Allah beterinden saklasın durun daha neler duyup neler okuyacağız bakalım.
Bu şartlar altında biz de sözüm ona yerel gazetecilik görevimizi en doğru şekilde yapabileceğimiz kadar yapmaya çalışıyoruz.
Dün öğle saatlerine kadar üç ayrı ziyarette toplam 9 kişi ile sohbetler ettik. Konu tabi ki Türkiye’nin bu gündemi idi. Ve bize gelen telefonlara, mesajlara şahit olan samimi insanlar hep aynı cümleyi söylüyorlardı;
“Abi vallahi hepimizin işi zor ama senin işi hepimizinkinden daha sor.”
............
Bakın bugün bir STK Başkanımız olan dost ismin bize yazdığını harfiyen sizlerle paylaşacağım. Ama şu küçük hatırlatmayı da yapayım. Bu abimiz bir Başkan. Demokrasi nöbetinde elinde mikrofon on binlere hitap etti. Televizyonlara demeçler verdi, bizim gazetede dahil yerel yazılı basında açıklamalar yaptı. Açık söyleyeyim samimi, dürüst ve de inançlı bir isimdir.

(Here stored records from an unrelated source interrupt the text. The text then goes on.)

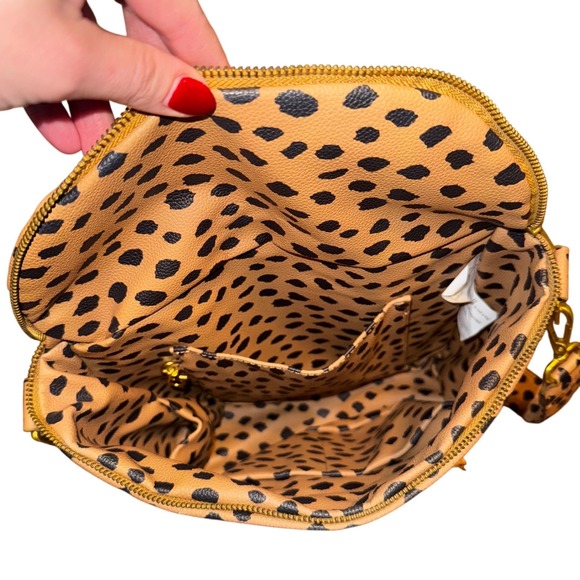 Fawn Design The Mini Spotted Convertible Backpack/Shoulder Diaper Bag EUC - Picture 9 of 16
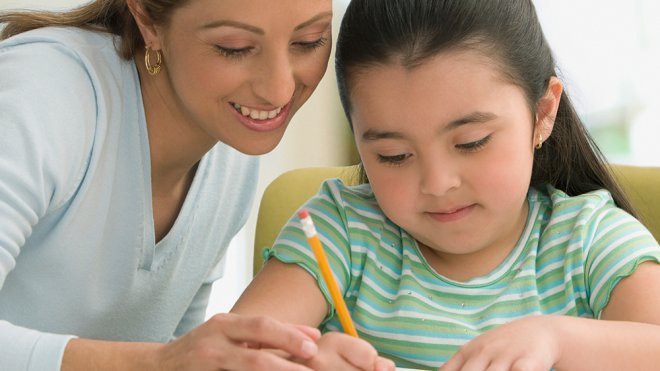 Consejos para ayudar a los niños con los deberes escolares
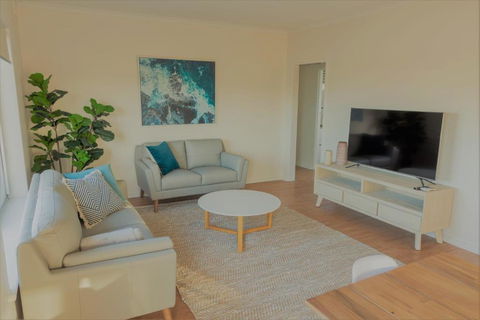 Henley Beach South Amazing Views Huge Private Balcony! - Getaway Accommodation 4
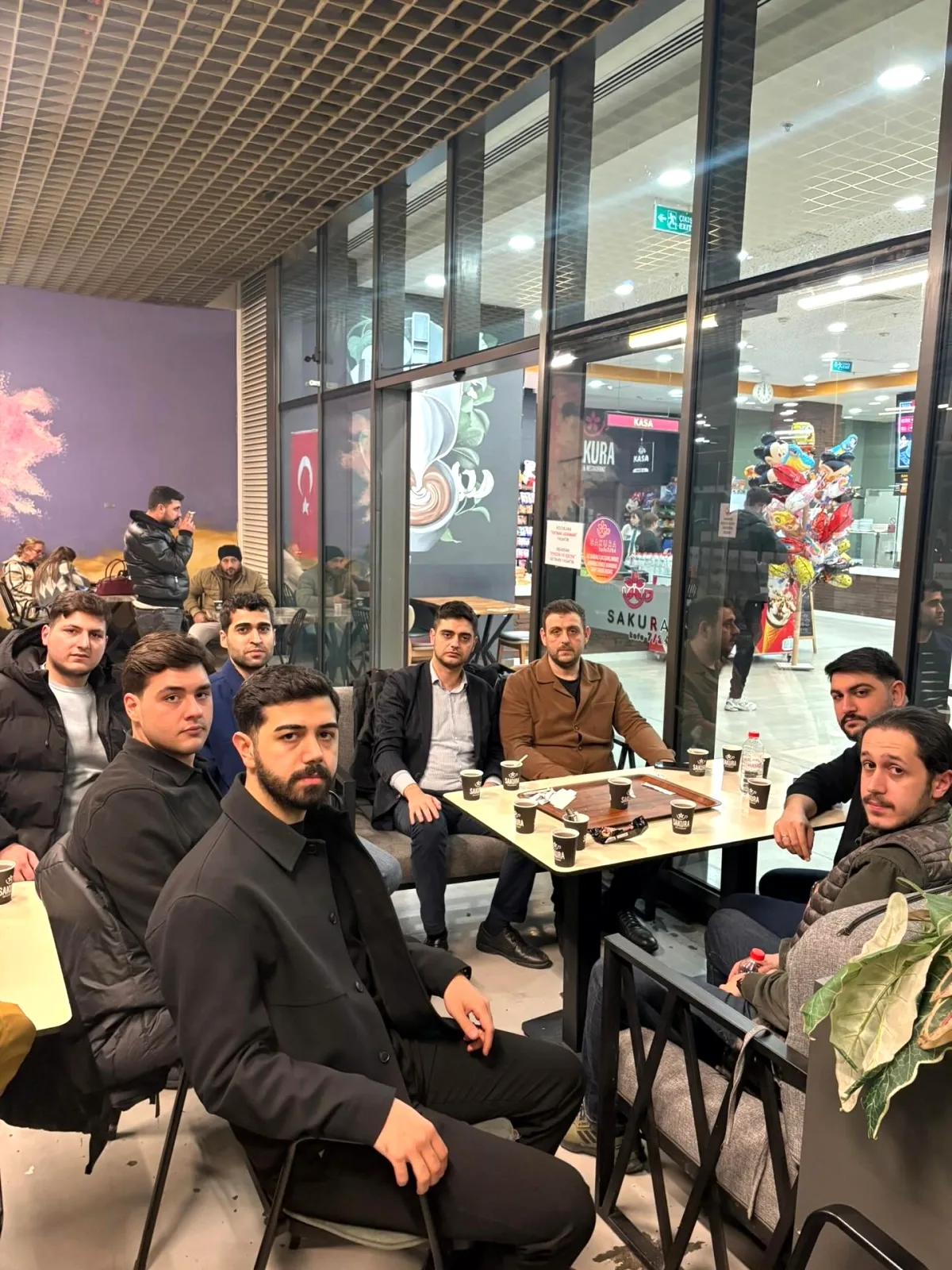Eski Bayrampaşa Ülkü Ocakları Başkanı'nın Yeni Doğan Çocuğuna Tebrik Ziyareti Eski Bayrampaşa Ülkü Ocakları Başkanı'nın Yeni Doğan Çocuğuna Tebrik Ziyareti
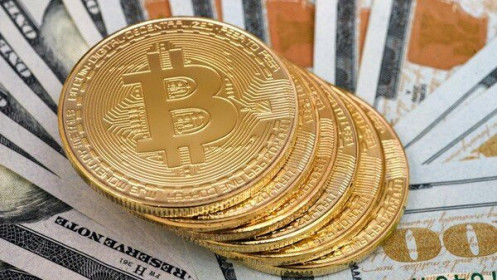 Đà tăng quá mạnh, Bitcoin phá tiếp mốc 22.000 USD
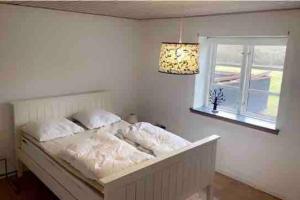 Postel nebo postele na pokoji v ubytování Dejligt stort hus med spa
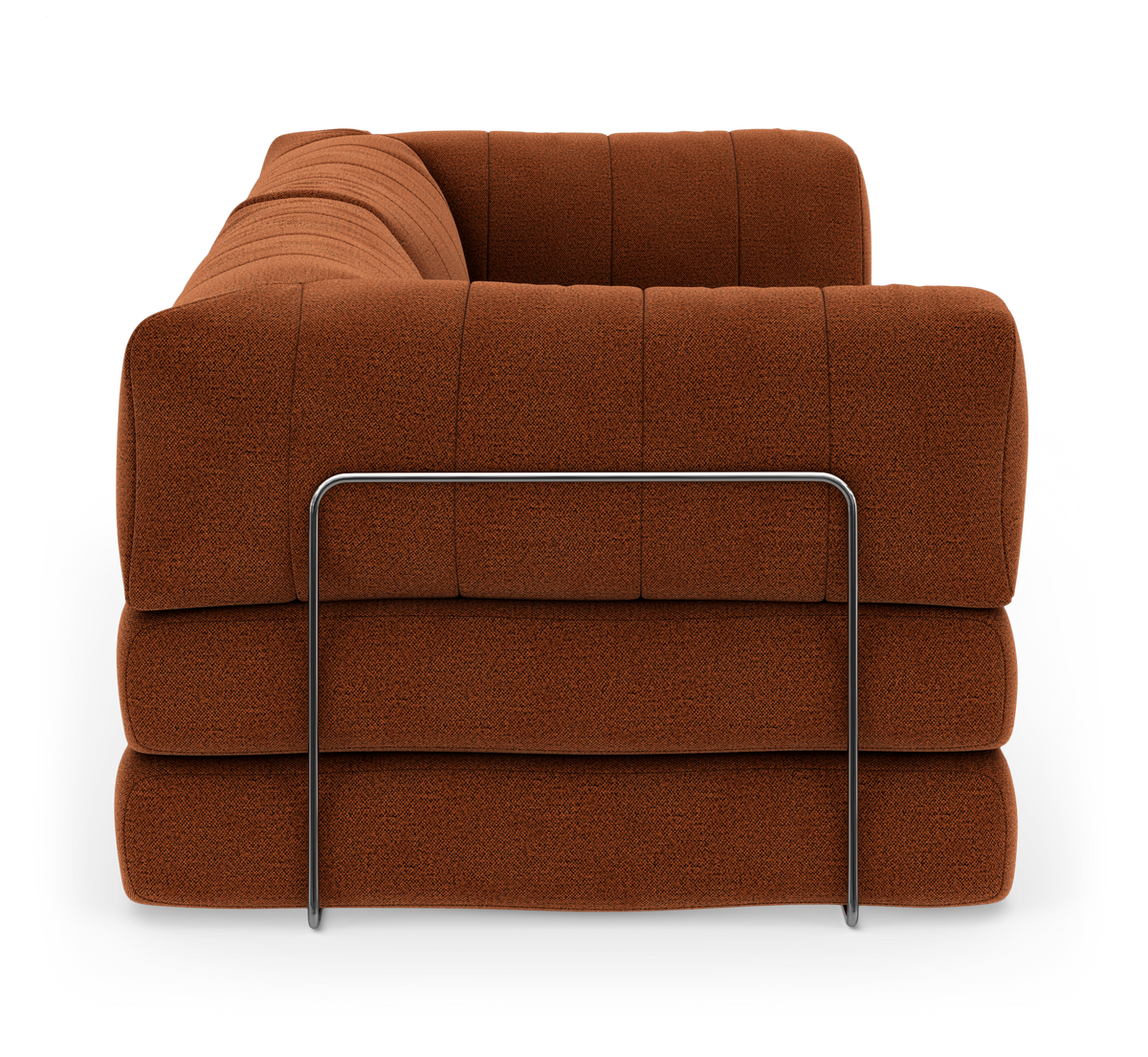 Rustfarvet modulsofa i stof med bløde, afrundede puder og smal metalbøjle på siden, frilagt på hvid baggrund.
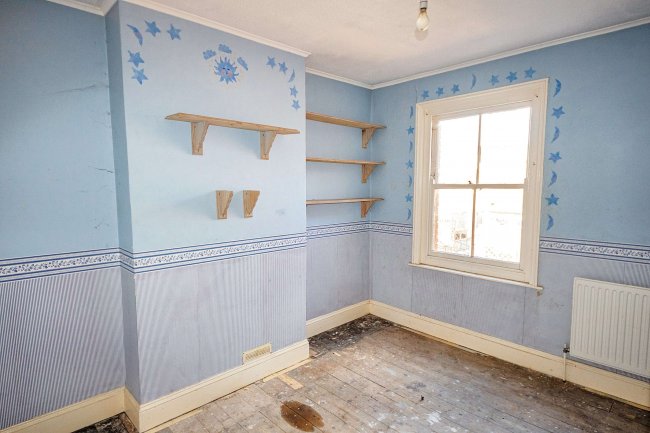 19 Southview Road, Weymouth, DT4 0JE 3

Ve bu abimiz dün bize şu notu gönderiyordu;       
“Abi selamünaleyküm ciddi bir sınavı başarı ile atlatıyoruz. 
Çok şükür gazamız mübarek olsun fakat herkesin homurdanmaya başladığı bir sorun var. 

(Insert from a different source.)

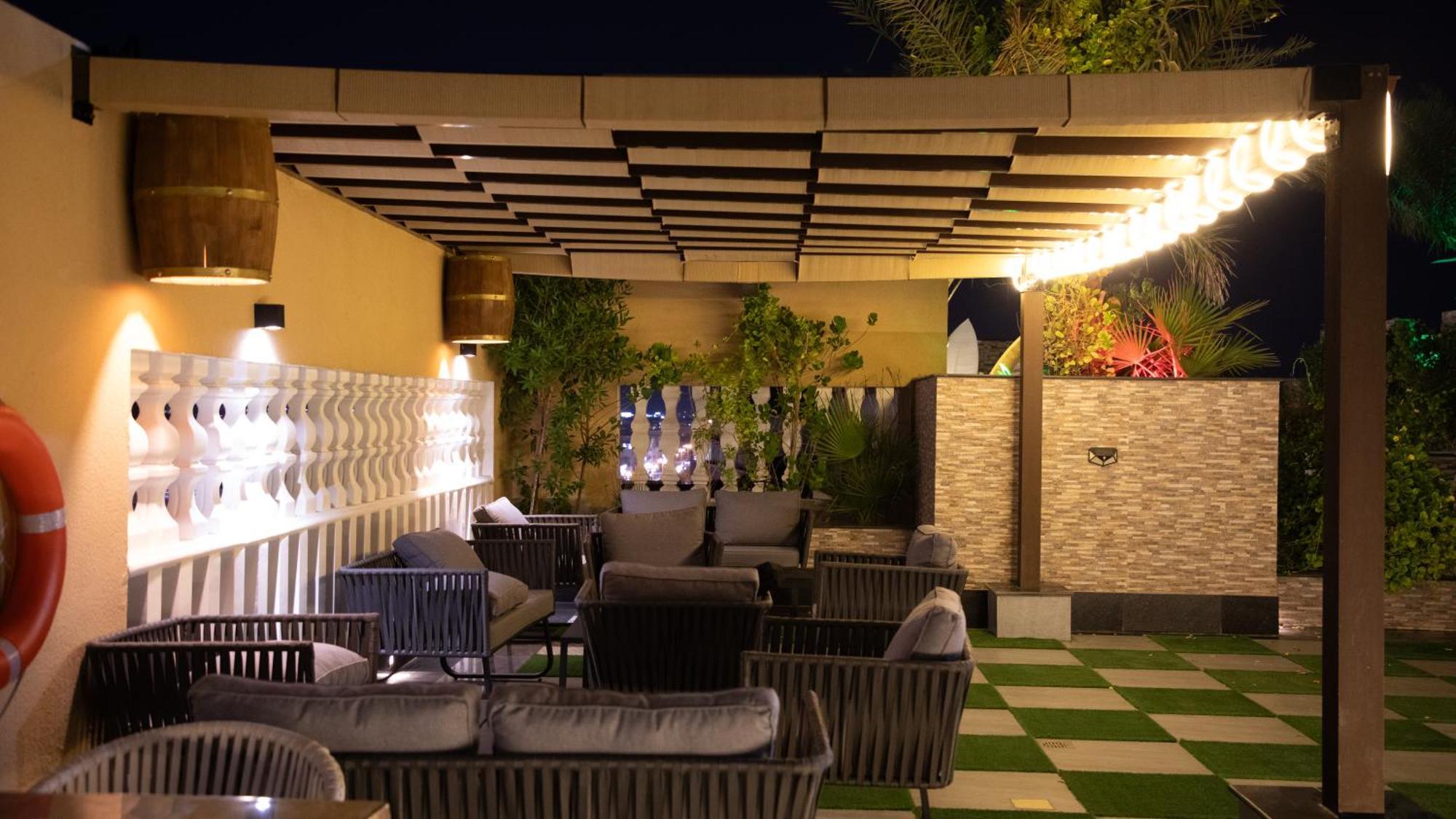 La Zona Continental Hotel Dubai Buitenkant foto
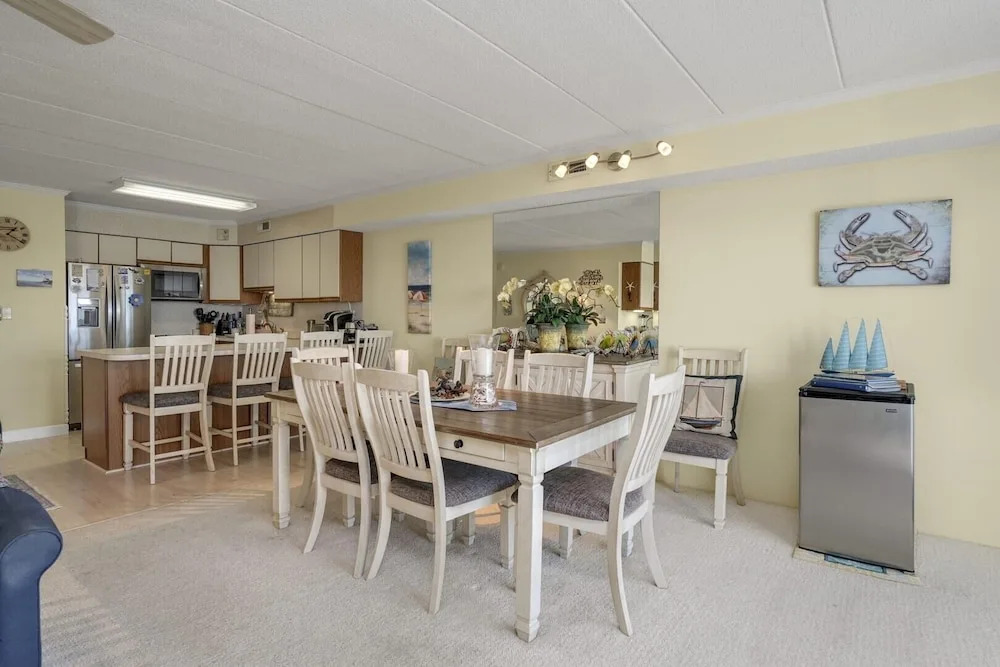 Harbour Island 204m 2 Bedroom Condo by RedAwning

Nöbet konusunda gösterilen hassasiyeti takdir ve memnuniyetle karşılıyoruz. 
Ancak korna ve konvoy konusunda duyarlı olmamız gerektiği kanaatindeyim. 
Bu konuyu bir dile getirmenizi rica ediyorum.”
.............
Ahhhh abim ah nasıl diyeyim?
Kayıkçı Ali misali bu şehirde bize demedikleri bugün itibari sadece PKK’lı çamuru kaldı. Korkarım yarın onu da derler.

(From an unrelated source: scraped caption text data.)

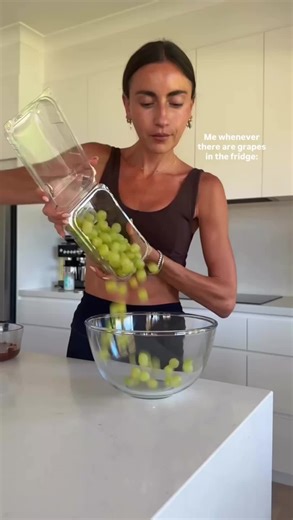 Grape yogurt bark OG creator: @coconutandbliss 400g green grapes 1 cup thiccq plain yogurt 180g dark chocolate, melted Place grapes and yogurt in a bowl. Mix well then spread on a tray lined with baking paper. Pour over melted chocolate and place in freezer until set.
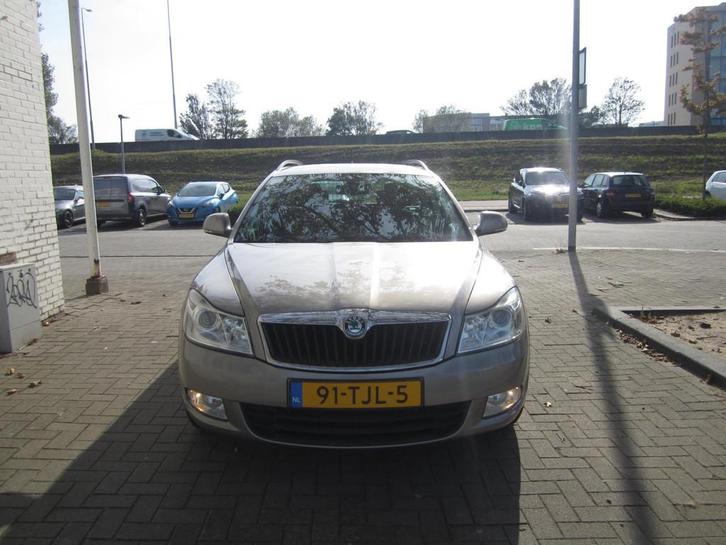 Skoda Octavia Combi 1.2 TSI Ambition Business Line, Auto's, Skoda, Bedrijf, Te koop, Octavia, ABS, Airbags, Airconditioning, Centrale vergrendeling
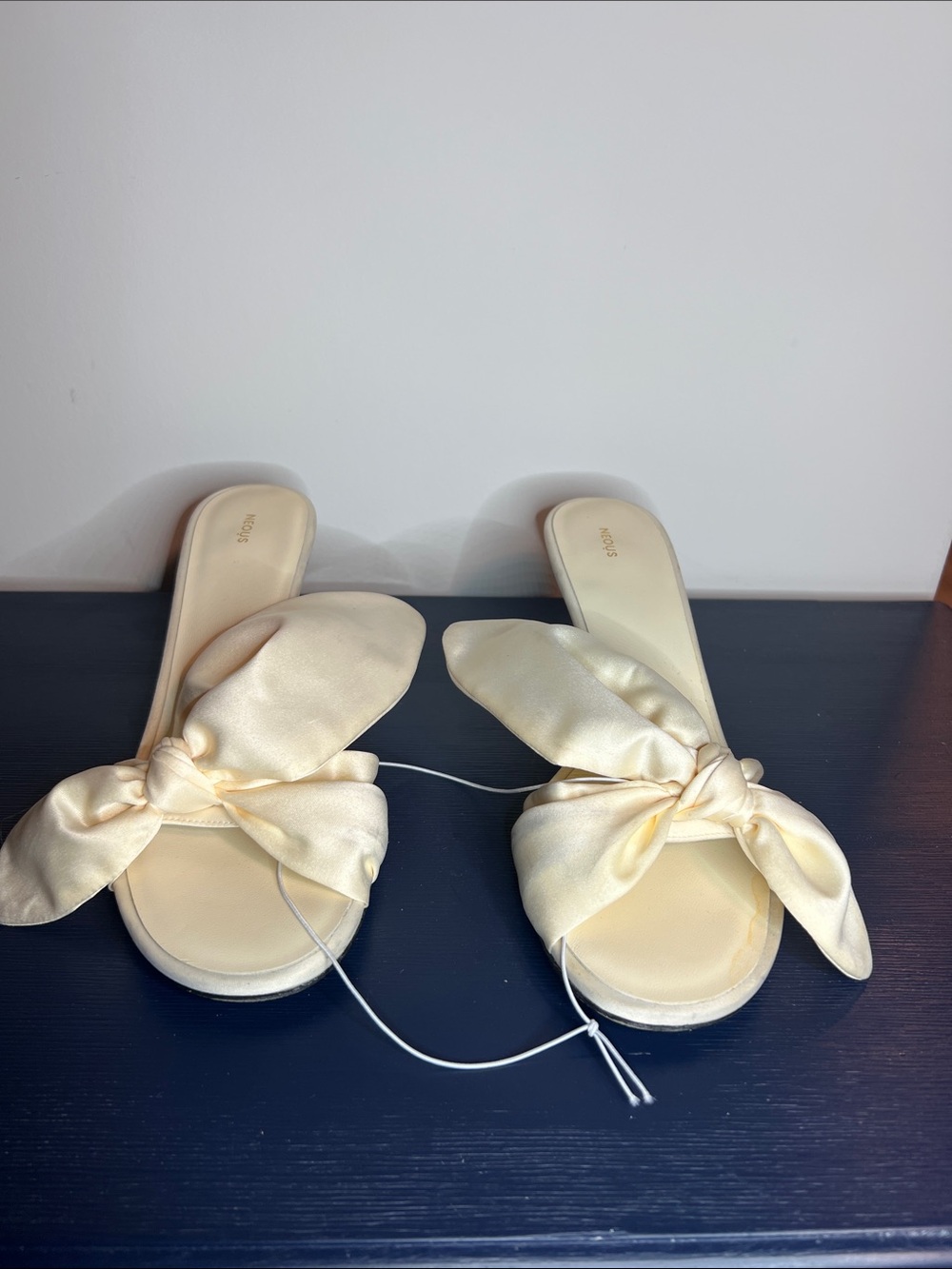 Neous Satin Knot Mule Heels in Cream Size 39 - Picture 4 of 17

Şu gazetelere, televizyonlara, sosyal medyaya bakıyorum. Bakıyorum ve kendimden utanıyorum.
8 yıl önce idi. 
Bir ramazan sabahı idi. Sahur sonrası evimize baskın yapıp didik didik edenler. O anda apartmana ve mahalleye ailecek bizi sözüm ona rezil edenler. Minibüsle hastanelere götürüp sözüm ona sağlık kontrolünden geçirenler. O gün için kullandıkları meslektaşlarımıza polislerin arasında bizi manşet yaptıranlar. Sanık gibi boy boy fotoğrafımızı çekenler. Ardından sorgusuz sualsiz demir parmaklıklar arkasına atanlar. (Haklarını yemeyelim akşam ezanı okunurken orucumuzu açmamız için yemek vermişlerdi) Ertesi güne kadar kimseyle görüştürülmeyip tuvalete gitmemize bile izin vermeyenler. Bu arada Türkiye’de TRT dahil tüm özel televizyonların ana haber bültenlerinde bizi gösterip başarılı operasyonlar yaptıklarını savununlar ve gece yarılarına kadar hâlâ demir parmaklıklar arkasında tutanlar. Tüm bunların ardından da “teknik takipti” diye salıverenler... Şimdi Amerika’da kaçaklar.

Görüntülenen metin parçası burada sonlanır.